Sin embargo, el tiempo pasó y ningún gobierno hizo nada. ¿Por qué? Es sencillo. Cuando las enormes generaciones nacidas entre 1960 y 1975 comenzaron a trabajar, la elevada recaudación supuso una tentación irresistible para los políticos: en lugar de ahorrar los cuantiosos recursos de esa etapa de bonanza, los utilizaron para favorecer a ciertos grupos, para comprar voluntades y votos. Permitieron, por ejemplo, demasiadas jubilaciones anticipadas en favor de colectivos muy influyentes. Para su miope visión, treinta y cinco años constituían una eternidad. Así pues, se aplicaron con gran entusiasmo al corto plazo, a generar déficits públicos en lugar de superávits. Y ya resolvería el problema quien viniera detrás.
Se nos acabó el tiempo
Fue la Unión Europea, en el marco de una prima de riesgo disparada, quien advirtió en 2012 que la mecha de la bomba era ya alarmantemente corta. Entonces, y sólo entonces, se alumbró la reforma de las pensiones de 2013, que entrará en vigor en 2019. Un apaño, más que reforma, con enorme autobombo para políticos y ciertos expertos, cuya filosofía consiste básicamente en que el importe de las pensiones no sólo se reducirá con el aumento de la esperanza de vida; también se adaptará al ciclo demográfico: a más pensionistas, menos pensión. Así, se prevé que los nacidos entre 1960 y 1980 percibirán ingresos inferiores en un 40% a lo que les habría correspondido antes de la reforma.
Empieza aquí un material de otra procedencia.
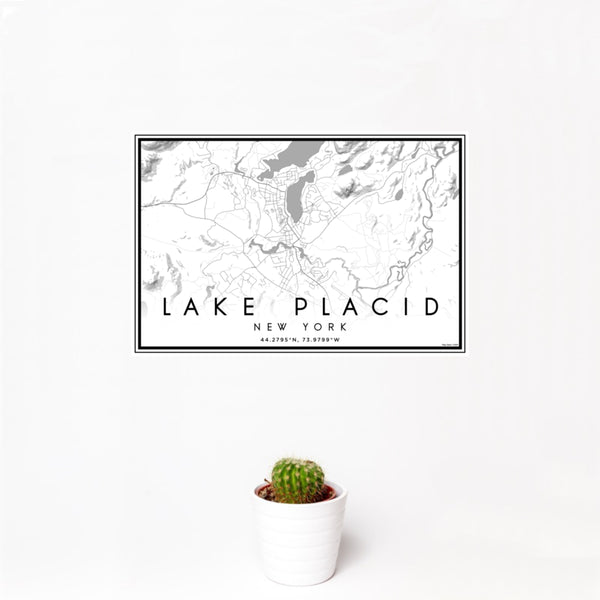 12x18 Lake Placid New York Map Print Landscape Orientation in Classic Style With Small Cactus Plant in White Planter
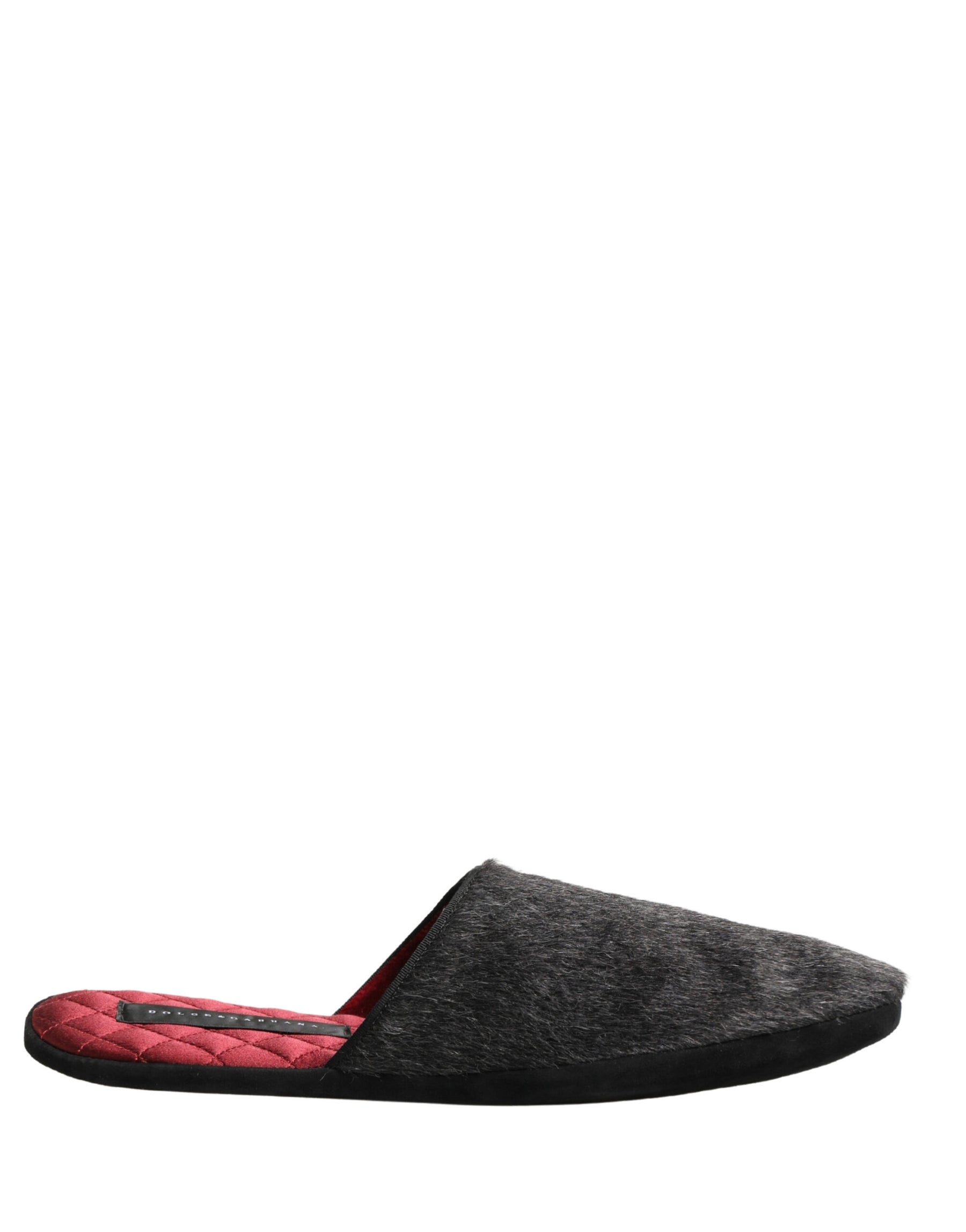 Dolce & Gabbana Dark Grey Charcoal Wool Red Slippers Shoes | Regal Royce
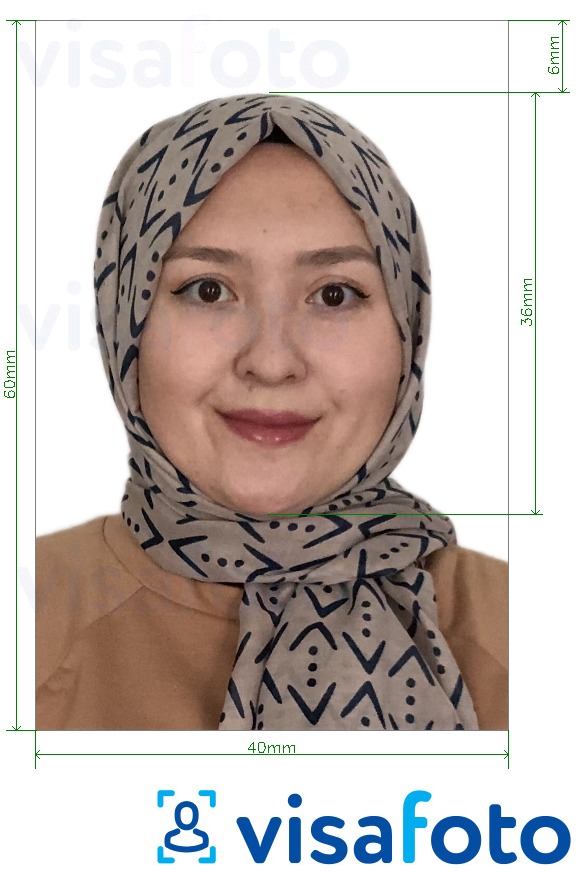 Esimerkkikuva Indonesian viisumi 40x60 mm, joka täyttää tarkat kokovaatimukset
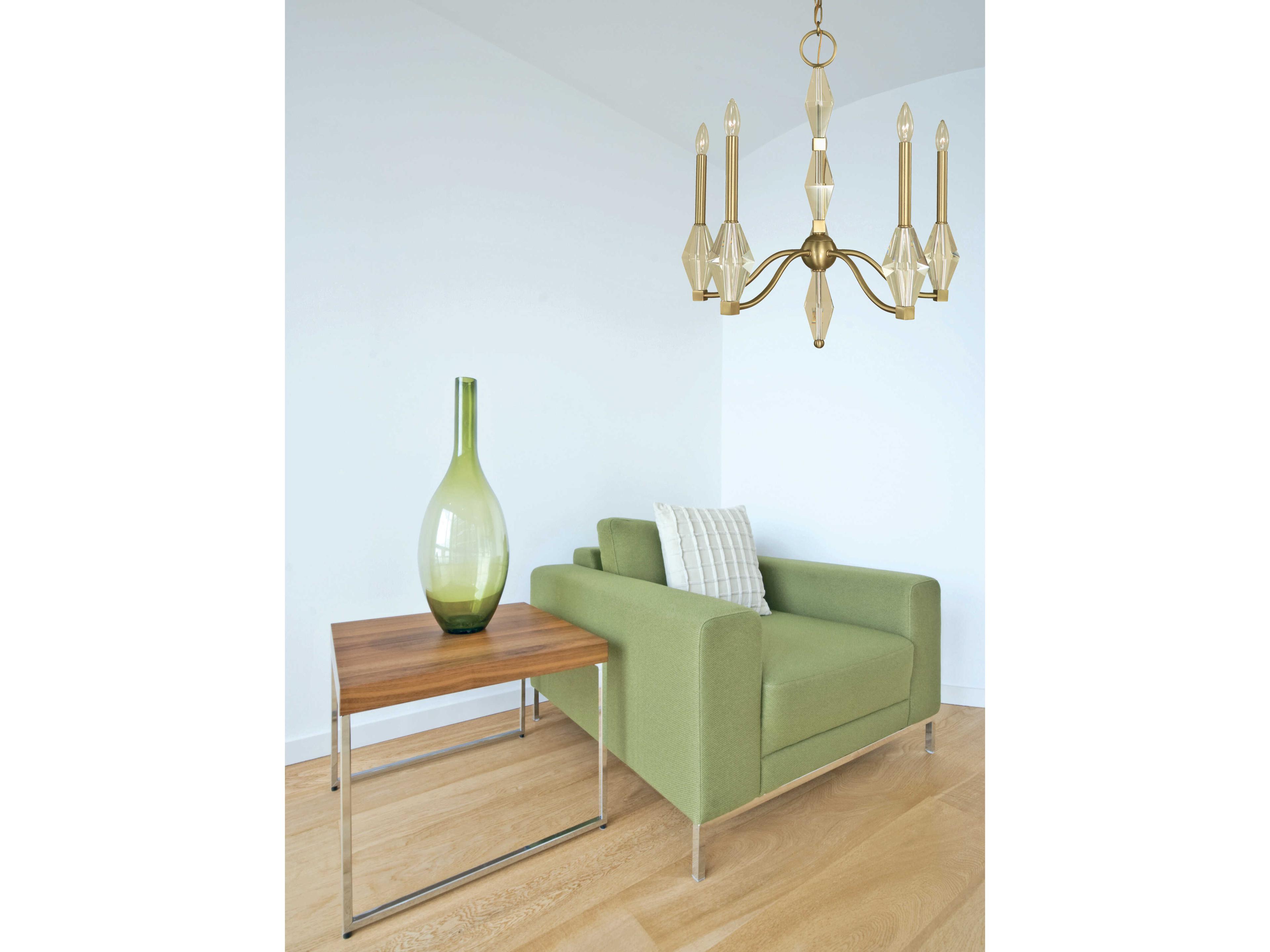 Framburg Vivian 5-Light Brushed Brass Crystal Candelabra Chandelier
El engaño, pregonado durante décadas, de que las pensiones consistirían siempre en una prestación definida, condujo a muchas personas a ahorrar insuficientemente para su jubilación. Dentro de dos décadas, los jubilados españoles que no dispongan de ahorros alcanzarán un nivel de vida más bien modesto. Ya no serán esa proverbial salvaguardia de las familias en las grandes recesiones, como sucedió en la pasada crisis, sino una carga adicional.
Sólo queda una salida: el ahorro privado. Pero hoy no resulta tan fácil por el elevado desempleo, la caída de los salarios, la precariedad laboral y la creciente presión fiscal. Es el precio que toca pagar por haber dilapidado 30 años.
Las pensiones: un problema político, no económico
Pero el problema fundamental del sistema pensiones de reparto es que, por su inmersión en el proceso político, resulta fácilmente capturado por grupos de presión que intentan conseguir ventajas y privilegios a costa del resto de cotizantes. Y también su control por parte de los políticos que, en demasiados países, lo convierte en una pieza del sistema clientelar, en moneda para comprar votos a través de promesas de mejora de pensiones.
Debido a los problemas que genera este sistema, algunos países pusieron en marcha sistema de capitalización en cuentas individuales, un modelo que ofrece ciertas mejoras económicas. Pero su principal ventaja es política: las pensiones quedan fuera del control de los gobernantes y de los grupos de presión.
Es cierto que la transición de un sistema de reparto a otro de capitalización es costosa y debe llevarse a cabo en una etapa de prosperidad económica, bajo endeudamiento y, sobre todo, en un entorno de contención del gasto público favorecedor del superávit. Pero es fundamental manifestar la voluntad política de acometer esta reforma comenzando, tal como hicieron en Suecia hace 25 años, con un sistema mixto que incluya reparto y capitalización individual.
Lo que debe impedirse a toda costa que las pensiones sean un arma política para convertir a millones de jubilados en votantes cautivos o una trampa legal para el cotizante actual. Pero este es otro de los tabúes que constriñen el debate a un conjunto de creencias inviolables, de puras consignas. O de falsedades tales como que sólo el Sistema Público puede garantizar siempre jubilaciones dignas. A la vista está que no es así. Y ahora toca buscarse la vida.